11.05.2007 00:30
    Поделиться

    Миндаугас Карбаускис поставил роман Андрея Платонова

    В рассказе о повешенных, о смерти настойчиво слышны смех и радость, и обрыв жизни передан как захватывающий полет санок с горки, как детская зимняя игра. В "счастливой Москве" Платонова, наполненной непрестанной кумачовой радостью, напротив, тоска и беда притаились как тени, почти не различимые в гремящих победных маршах строителей социализма, в веселых фокстротах и вальсах 20-30-х годов. Или запрятались в гардеробе, на вешалках, среди пальто и серых шинелей. Люди появляются оттуда и там же, в темноте гардероба исчезают, оставляя по себе только нескончаемый стук номерков. Этот стук, резкий как выстрелы, становится последним звуком спектакля, и в нем материализуется весь несказанный ужас эпохи. В самом же спектакле его точно и нет.
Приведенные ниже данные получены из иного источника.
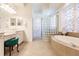 Luxurious bathroom with a large soaking tub, double vanity and glass block shower at 225 Pesaro Dr, North Venice, FL 34275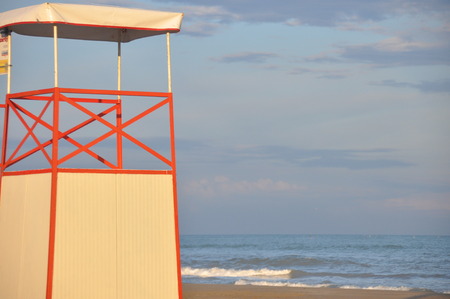 Tower of a marine lifeguard with a red flag hanging out. Swimming prohibited.の写真素材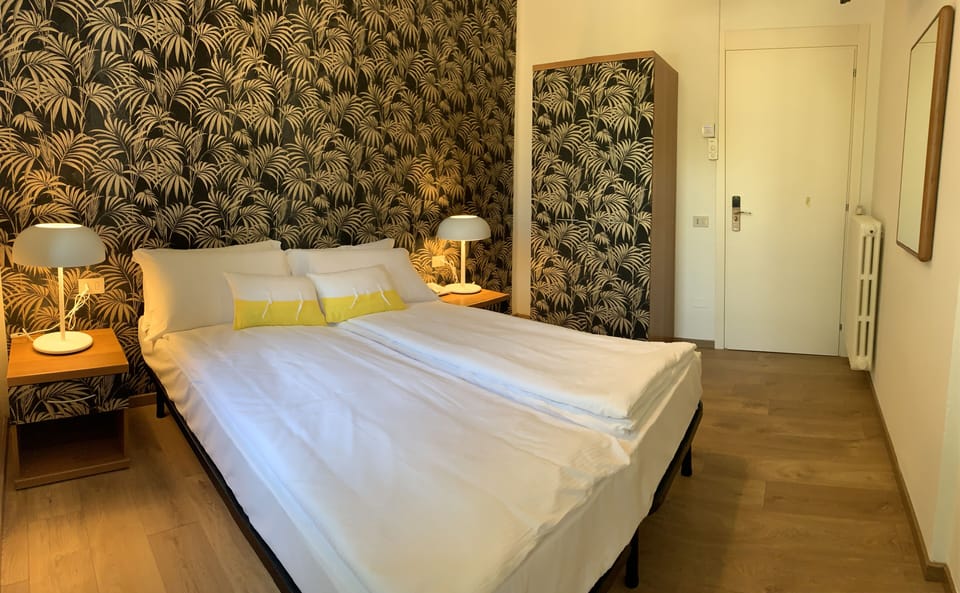 Comfort Room | Down comforters, individually decorated, individually furnished, desk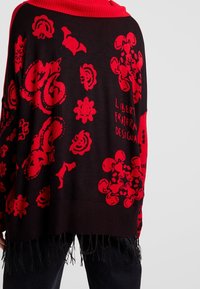 Zwarte gebreide poncho met rode bloemen- en abstracte patronen, voorzien van een rode geribde kraag en een zwarte zoom met franjes.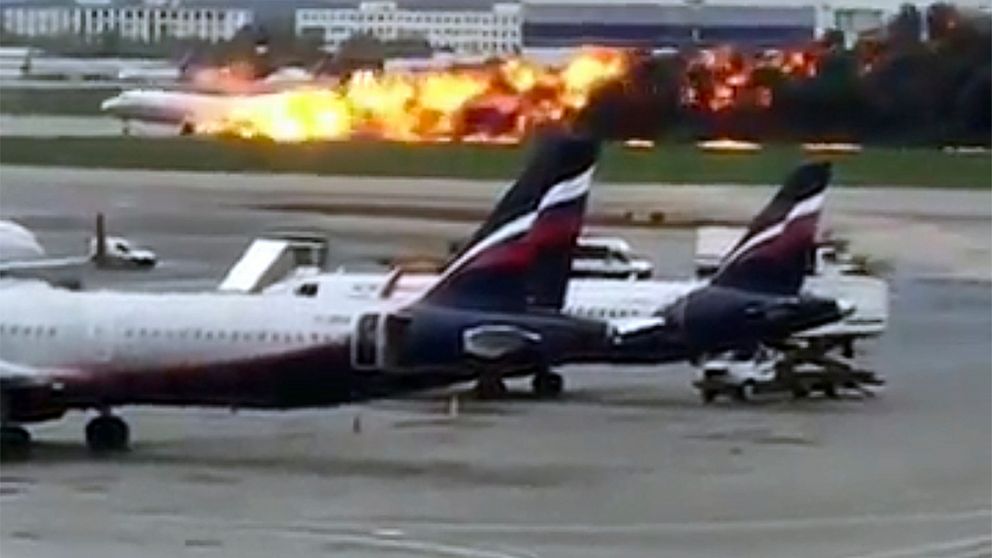 This image taken from video provided by Instagram user @artempetrovich, shows the SSJ-100 aircraft of Aeroflot Airlines on fire during an emergency landing in Sheremetyevo airport in Moscow, Russia, Sunday, May 5, 2019. (@artempetrovich via AP)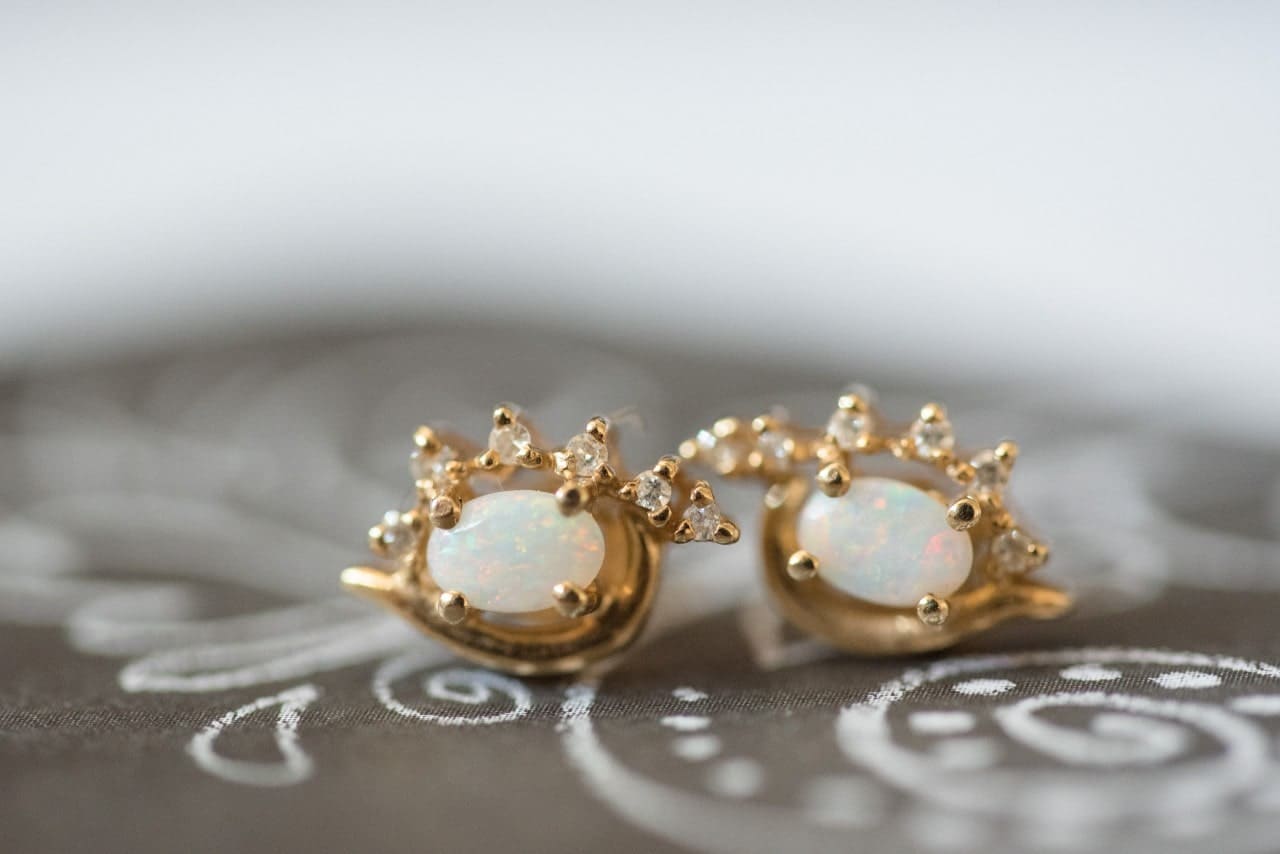 A pair of oval-cut opal stones set in yellow gold stud earrings.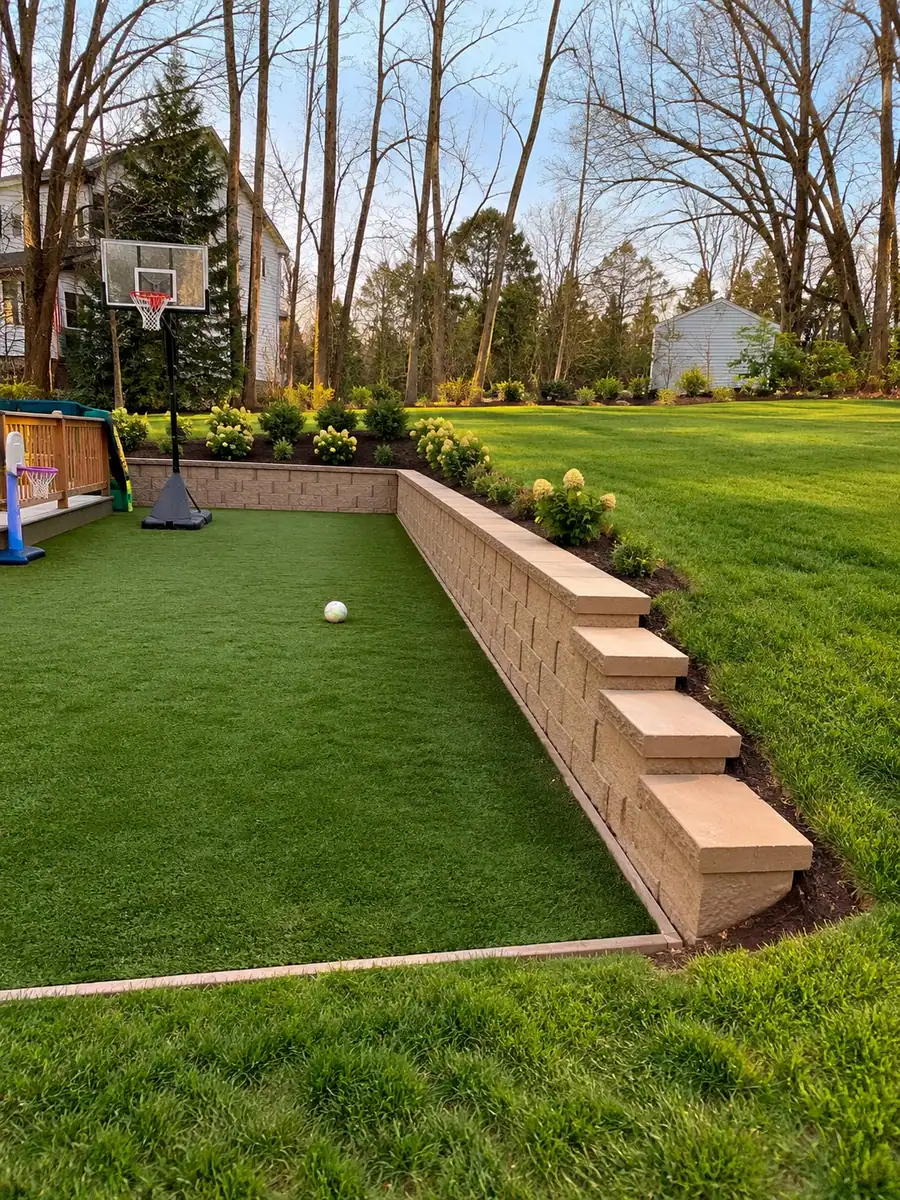 AI visualization of a backyard with artificial lawn bordered by a capped retaining wall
    Cтрашное начало платоновского романа Карбаускис тоже выносит за скобки театрального повествования - в текст программки, где говорится о бегущем с факелом человеке и раздавшемся внезапно выстреле и крике. "Наверное, убили бежавшего с факелом человека... Девочка уснула и забыла все... Но до поздних лет жизни в ней неожиданно и печально бежал безымянный человек - в бледном свете памяти - и снова погибал во тьме прошлого, в сердце выросшего ребенка". Собственно, этот крик мертвого человека, который неожиданно пробуждается в теле и сердце жизнерадостной молодой женщины, многое определяет в новом спектакле Карбаускиса. Его заглавную героиню, потерявшую родителей в первые дни революции и названную в детском доме Москвой Ивановной Честновой, играет актриса Ирина Пегова.

    Полнокровную, ренессансную и духом и телом актрису Ирину Пегову теперь с полным правом можно назвать "актрисой Платонова". С тех пор как она появилась в студенческом спектакле Василия Сенина и Аллы Сигаловой "Фро" по платоновскому рассказу, образовалась ее неповторимая интонация, ни на что не похожий звук ее актерской "темы". У Пеговой восхитительный контрапункт жизненной силы, переполненности бытием и одновременно смиренного сознания ненужности, неуместности этой древней силы и красоты в современном мире. Не в ней самой, где-то а пределами ее существа положен предел ее силе, но она знает о неизбежности обрыва. Иными словами - это драма цельности в нецелостном, раздробленном бытии. Актриса от этой "темы" свободна, но ее подспудное клокотание многое определяет в ее актерской поступи, как подземные воды незримо влияют на земной ландшафт.

    Кажется, что Карбаускис именно ради этой "пеговской темы" сочинил весь свой спектакль. Радость "социалистического человечества", готовность превратить любовь в неостановимый электрический ток, в постоянную работу машин, в нескончаемое движение шестеренок на благо непросвещенного мира играется у Карбаускиса с какой-то детской, безыскусной простотой. Прекрасная Москва Пеговой в кумачовой шинели, среди алых гвоздик и таких же кумачовых мужских штанов думает вместе со всеми только о том, как превратить энергию любви в полезное для мира горение. Но посередь героического строительства все сильнее разливается косноязычная тоска тел и сердец, не знающих, как и куда себя деть.

    Вместе с Пеговой эту тему скрытой, не умеющей выразить себя тоски виртуозно аранжирует молодой актер Александр Яценко, играющий инженера Сарториуса, безнадежно и навеки влюбленного в Москву.

    Карбаускис обрывает свой спектакль, как Платонов оборвал свою прозу: костяшки номерков застучали по гардеробной доске, люди растворились в шинелях, там же исчезла веселая Москва, так и не сумевшая найти гармонию между любовью и строительством светлого будущего для человечества.